Obviamente que as questões envolvendo a produção de determinados locais foram evoluindo de forma que, em certo ponto, precisou-se formalizar regras e procedimentos, além de grupos “diplomáticos” para solicitar aos governos que nomes de certas regiões não fossem usados por produtores que não pertencessem à área ou, mesmo que pertencessem, não seguissem regras pré-estabelecidas.
Como é de se imaginar, foi na França que surgiu um dos primeiros órgãos governamentais para tentar regulamentar as denominações de origem, ou, como eles chamam: Appellation d'Origine Protégée (AOP).
Os primórdios do “Institut national de l'origine et de la qualité” (antes conhecido como “Institut National des Appellations d'Origine”), cuja sigla é INAO, remonta ao começo do século XX, quando o governo francês passou a dar atenção para alguns problemas dos agricultores, entre eles o dilema das delimitações das produções. O INAO foi oficialmente criado dentro do ministério da agricultura em 1935.
Em 15 de maio de 1936, o instituto publicou uma portaria em que reconhecia como denominação de origem controlada (DOC) as regiões vinícolas de Arbois, Tavel, Cognac, Cassis, Monbazillac e Châteauneuf-du-Pape.

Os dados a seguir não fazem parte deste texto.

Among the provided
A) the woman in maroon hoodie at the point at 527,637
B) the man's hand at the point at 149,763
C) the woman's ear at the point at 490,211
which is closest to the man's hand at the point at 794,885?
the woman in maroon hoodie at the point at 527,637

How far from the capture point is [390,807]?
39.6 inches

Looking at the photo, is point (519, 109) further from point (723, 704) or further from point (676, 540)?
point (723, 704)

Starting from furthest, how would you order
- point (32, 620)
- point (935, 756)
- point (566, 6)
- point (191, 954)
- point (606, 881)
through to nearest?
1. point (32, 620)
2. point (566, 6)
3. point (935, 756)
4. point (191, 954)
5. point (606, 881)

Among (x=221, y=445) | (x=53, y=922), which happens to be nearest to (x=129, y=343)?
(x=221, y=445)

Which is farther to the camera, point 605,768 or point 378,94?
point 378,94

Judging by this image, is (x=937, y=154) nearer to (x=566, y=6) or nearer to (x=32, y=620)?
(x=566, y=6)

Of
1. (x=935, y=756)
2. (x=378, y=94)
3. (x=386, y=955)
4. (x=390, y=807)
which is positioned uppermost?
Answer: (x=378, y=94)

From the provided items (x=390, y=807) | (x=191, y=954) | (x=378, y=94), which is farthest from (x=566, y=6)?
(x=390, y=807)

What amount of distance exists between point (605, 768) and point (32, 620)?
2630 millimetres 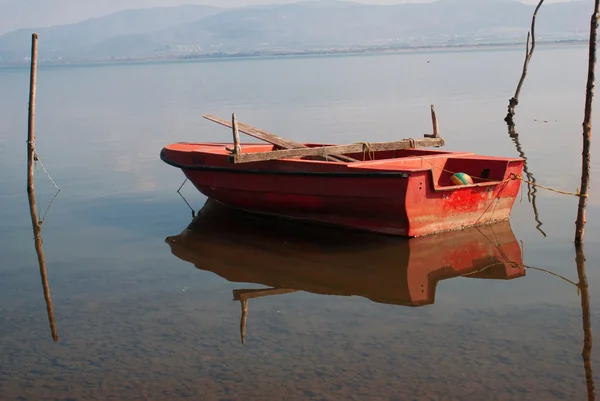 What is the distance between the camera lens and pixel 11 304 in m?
8.64

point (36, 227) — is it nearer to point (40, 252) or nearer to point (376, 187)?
point (40, 252)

Estas, então, teriam sido as cinco primeiras DOCs ligadas ao vinho da França apesar de Châteauneuf-du-Pape clamar para si a primazia.
Aos poucos, entidades similares ao INAO francês surgiram em outros países europeus e o modelo das denominações de origem tomou forma, espalhando-se por todos os cantos, com conselhos reguladores locais que, além de delimitar fronteiras, criaram normas técnicas para que os vinhos de determinados locais pudessem levar o nome da região onde nasceram.

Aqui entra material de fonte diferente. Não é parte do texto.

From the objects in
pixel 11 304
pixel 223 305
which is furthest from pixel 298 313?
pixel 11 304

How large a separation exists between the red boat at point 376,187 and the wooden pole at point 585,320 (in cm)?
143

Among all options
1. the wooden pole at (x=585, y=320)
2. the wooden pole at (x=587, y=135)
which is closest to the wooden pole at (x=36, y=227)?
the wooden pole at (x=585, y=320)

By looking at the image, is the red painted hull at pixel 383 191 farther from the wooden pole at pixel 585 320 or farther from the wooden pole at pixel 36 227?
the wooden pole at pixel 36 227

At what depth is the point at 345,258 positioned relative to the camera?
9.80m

Mais do que a uva vir de um vinhedo localizado dentro dos limites de um território, é preciso seguir os parâmetros de produção definidos por um órgão regulador.
O INAO define as AOP como “designando um produto em que todas as etapas de produção são realizadas de acordo com um know-how reconhecido na mesma área geográfica, o que confere ao produto as suas características”.
Se você é um produtor em Chablis, precisa cultivar apenas Chardonnay e seguir algumas regras de vinificação para poder rotular seu vinho como Chablis, necessariamente um branco.
Se quiser plantar Zinfandel e fazer um tinto, por exemplo, mesmo que consiga autorização para o cultivo (que certamente já será uma batalha judicial acirrada visto que os órgãos governamentais tendem a resguardar até mesmo o que pode ser plantado para que o terroir não perca sua essência), certamente não poderá rotulá-lo como Chablis.
Se você estiver em Champagne, por exemplo, e quiser produzir um espumante com método Charmat, por mais que use somente uvas autorizadas, tampouco vai poder apontar que ele é um vinho de Champagne, pois o método tradicional é obrigatório.
Enfim, na maioria das vezes, as regras de produção de uma denominação de origem controlada são bastante rigorosas, com o intuito de manter não somente tradições enraizadas, mas também o que os órgãos reguladores definem como seus níveis de qualidade.